While I have no illusions that my life of budgeting for groceries, fretting about credit card debt, and occasionally worrying that my bf flirts with too many pretty girls may sound hopelessly boring and unworthy of dramatization, I also believe that the realities of post-20-something life in the city is a realm of existence that has been unsatisfyingly documented by the network powers-that-be, at least in a dramatic fashion. Sure, Seinfeld worked a bit of this magic in the 90's but even its main character was a working comedian, a gig far more glamorous than your average Joe or Jane's. And 30 Something spoke a bit to these realities back in the 80's, but via a tabula that was downright suburban.

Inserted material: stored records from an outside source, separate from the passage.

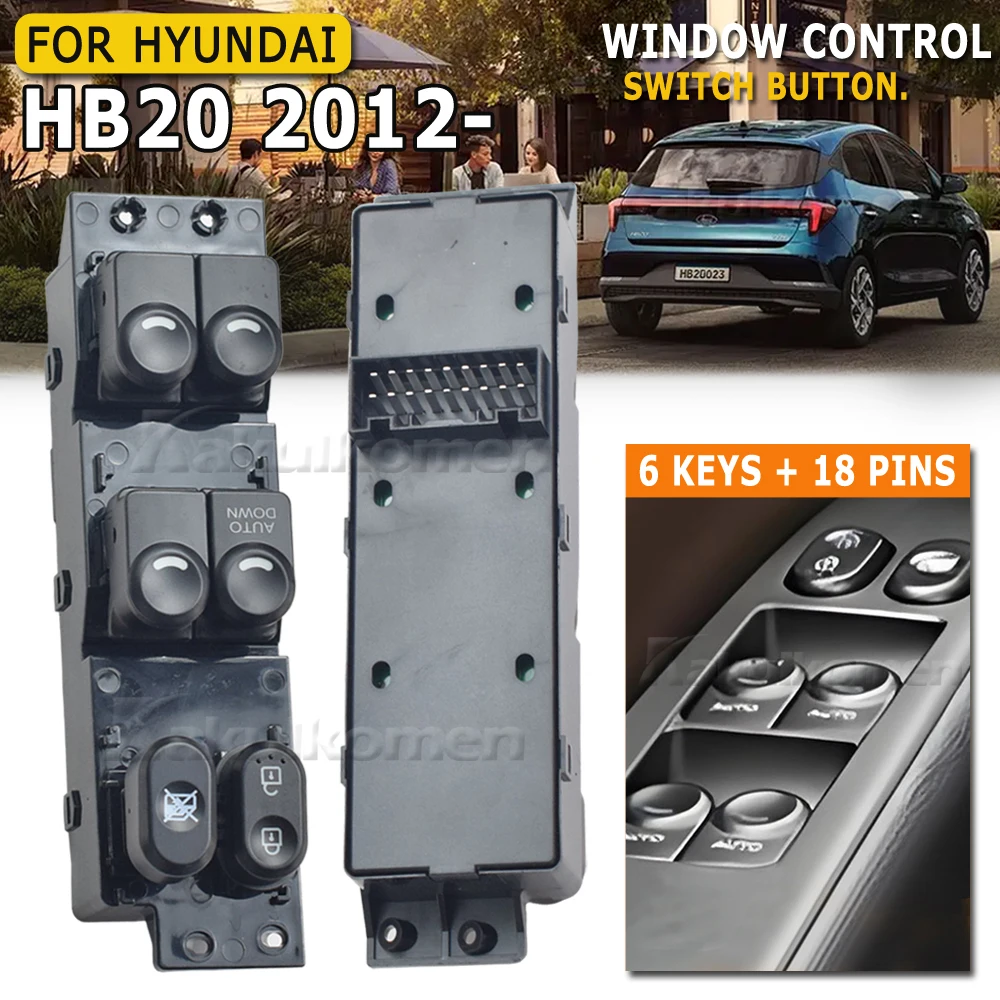 Car Replacement Accessories 93570-1S005 935701S005 Electric Power Master Window Control Switch Button For Hyundai HB20 2012-
Car Replacement Accessories 93570-1S005 935701S005 Electric Power Master Window Control Switch Button For Hyundai HB20 2012-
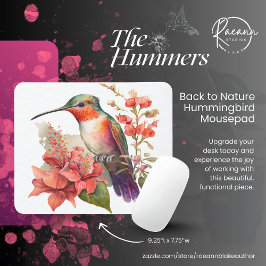 Mousepad De volta à Natureza no Suporte do Rato Hummingbird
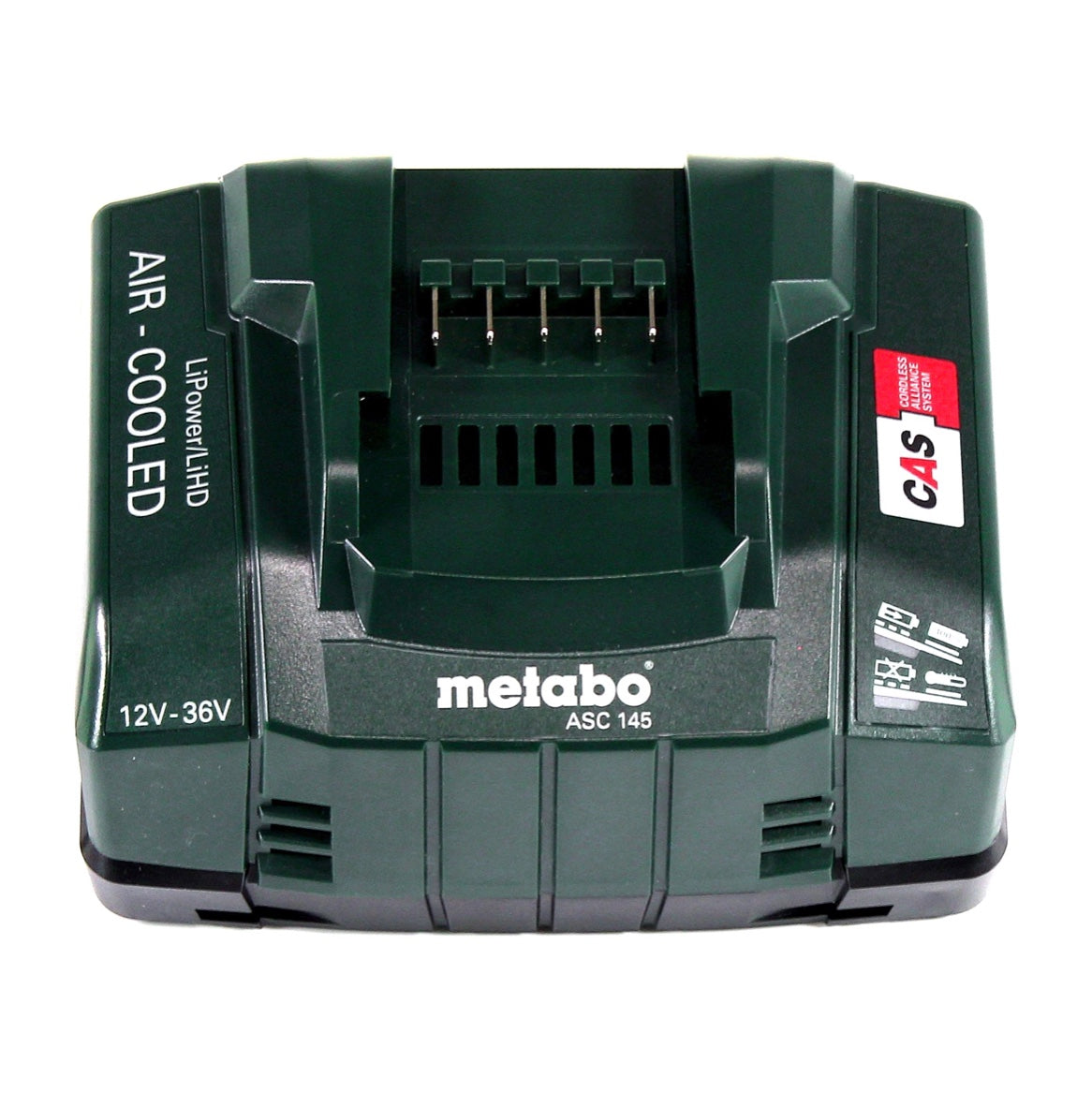 Kit de base Metabo 1x batterie Li-Power 18 V 4,0 Ah batterie Li-Ion CAS (625027000) + chargeur rapide ASC 145 (627378000)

What we need is an updated My So-Called Life set in the present day, where Angela Chase in not a high school student, but a woman in her 30's trying to navigate the world of almost-grown up Jordan Catalanos and Brian Krakows. Where the complications of her parent's marriage has ended in divorce, and where she must struggle to align her familial loyalties. Where more assured than in her teenage years, she continues to struggle with insecurities, questions of self-worth, and the ever-looming dilemma of what-she-wants-to-be-when-she-grows-up.
While such issues are occasionally illuminated by shows portraying characters in their 20's, there's an underlying message that such problems either dissolve into marital and familial bliss come the age of 30, or that by that age, one is so wealthy and fabulous that an entirely new set of problems will present themselves. As if 30 were some magical age by which the problems of one's youth are all at once resolved, or a bend in life's road somehow steers us in a new and better direction altogether.
Many of us know this not to be the case. And for those of us, there should be a TV show that is sympathetic to our mutual plight.
In the comments section pitch me an idea for a new TV show. Or tell me what you think Jordan Catalano would be up to these days.